Update Applicable to:
All employers of fast-food restaurants with 100 or more establishments nationwide in California.
What happened?
On September 5, 2022, Governor Newsom passed Assembly Bill 257 (AB 257), titled the “Fast Food Accountability and Standards Recovery Act,” or the “FAST Recovery Act.”
What are the details?
Effective January 1, 2023, AB 257 establishes a Fast Food Council comprised of fast food employees, worker advocates, franchisors, franchisees, and government officials within the Department of Industrial Relations that would set industry-wide standards for wages, working hours, and other working conditions related to the health and safety of fast food workers.
AB 257 also prohibits fast food employers from discharging or discriminating, or retaliating against an employee for any of the following reasons:
- The employee made a complaint or disclosed information, or the employer believes the employee disclosed, or may disclose, information to the franchisor, to a person with authority over the employee, or to another employee who has the authority at the fast food restaurant to investigate, discover, or correct the violation or noncompliance, to the media, to the Legislature, or a watchdog or community-based organization, or a governmental agency regarding employee or public health or safety.
- The employee instituted, caused to be instituted, testified in, or otherwise participated in a proceeding relating to employee or public health or safety or any council or local Fast Food Council proceeding.
- The employee refused to perform work in a fast food restaurant because the employee had reasonable cause to believe that the practices or premises of that fast food restaurant would violate worker or public health and safety laws, regulations, any occupational safety, and health standard, or any safety order of the division or standards board, or would pose a substantial risk to the health or safety of the employee, other employees, or the public.
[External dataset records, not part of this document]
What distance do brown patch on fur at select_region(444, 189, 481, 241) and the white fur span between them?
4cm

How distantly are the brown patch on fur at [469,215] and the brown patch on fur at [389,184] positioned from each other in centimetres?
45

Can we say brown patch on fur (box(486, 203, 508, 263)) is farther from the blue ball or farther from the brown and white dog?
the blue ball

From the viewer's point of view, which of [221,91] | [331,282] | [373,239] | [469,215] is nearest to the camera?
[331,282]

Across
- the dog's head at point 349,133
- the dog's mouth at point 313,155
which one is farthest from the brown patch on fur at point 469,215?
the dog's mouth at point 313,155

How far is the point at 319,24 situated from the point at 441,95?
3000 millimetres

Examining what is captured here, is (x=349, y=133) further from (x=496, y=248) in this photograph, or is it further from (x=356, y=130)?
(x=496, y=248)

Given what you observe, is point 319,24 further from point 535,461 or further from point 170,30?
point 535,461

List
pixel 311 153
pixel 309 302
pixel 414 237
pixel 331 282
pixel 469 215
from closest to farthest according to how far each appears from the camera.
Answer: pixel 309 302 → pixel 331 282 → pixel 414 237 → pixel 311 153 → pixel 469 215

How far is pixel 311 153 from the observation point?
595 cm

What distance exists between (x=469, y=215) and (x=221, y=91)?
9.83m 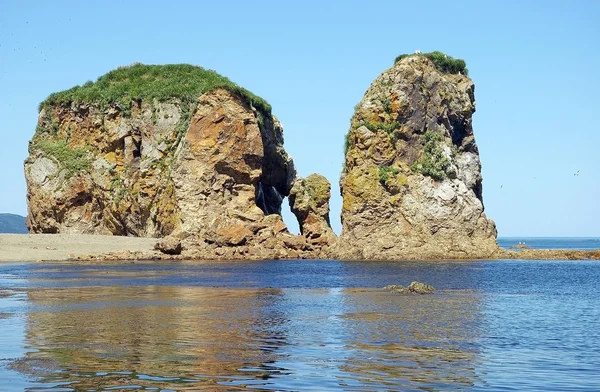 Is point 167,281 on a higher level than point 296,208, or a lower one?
lower

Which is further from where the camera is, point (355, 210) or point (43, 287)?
point (355, 210)

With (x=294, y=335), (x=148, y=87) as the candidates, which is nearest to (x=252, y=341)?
(x=294, y=335)

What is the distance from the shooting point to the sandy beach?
7219 cm

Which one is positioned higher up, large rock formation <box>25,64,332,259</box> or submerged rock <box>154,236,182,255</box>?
large rock formation <box>25,64,332,259</box>

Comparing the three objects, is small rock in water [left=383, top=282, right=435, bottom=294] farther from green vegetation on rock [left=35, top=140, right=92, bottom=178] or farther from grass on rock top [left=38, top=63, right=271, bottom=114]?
green vegetation on rock [left=35, top=140, right=92, bottom=178]

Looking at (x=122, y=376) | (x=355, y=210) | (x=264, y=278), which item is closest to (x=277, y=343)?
(x=122, y=376)

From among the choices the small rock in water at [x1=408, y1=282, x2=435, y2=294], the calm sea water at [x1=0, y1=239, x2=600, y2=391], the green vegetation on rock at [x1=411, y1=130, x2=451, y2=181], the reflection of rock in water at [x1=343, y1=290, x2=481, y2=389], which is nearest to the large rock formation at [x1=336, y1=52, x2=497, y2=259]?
the green vegetation on rock at [x1=411, y1=130, x2=451, y2=181]

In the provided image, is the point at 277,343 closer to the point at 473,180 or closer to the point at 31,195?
the point at 473,180

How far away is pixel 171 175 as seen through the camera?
8156cm

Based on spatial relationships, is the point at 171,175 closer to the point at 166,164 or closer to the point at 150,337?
the point at 166,164

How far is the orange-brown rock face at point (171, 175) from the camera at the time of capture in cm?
7881

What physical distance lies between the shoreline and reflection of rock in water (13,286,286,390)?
3517 cm

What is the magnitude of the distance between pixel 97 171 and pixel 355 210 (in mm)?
32543

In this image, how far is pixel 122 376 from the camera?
1686 centimetres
Under the law, there is a rebuttable presumption of unlawful discrimination or retaliation if a fast food restaurant operator discharges or takes any other adverse action against an employee within 90 days following the date when the operator knew of any of the employee’s actions above.
Other amendments to the bill include provisions preventing the Fast Food Sector Council from requiring new paid leave benefits for workers or regulating how fast food restaurant operators schedule workers’ hours. Under the new version of the bill, the minimum wage could increase to $22 per hour in 2023 and would be subject to inflationary increases in the future.
For more information, please see the links below:
What do employers need to do?
Employers should review the links above and prepare to make changes to their payroll and benefits policies to ensure they comply with the law by January 1, 2023.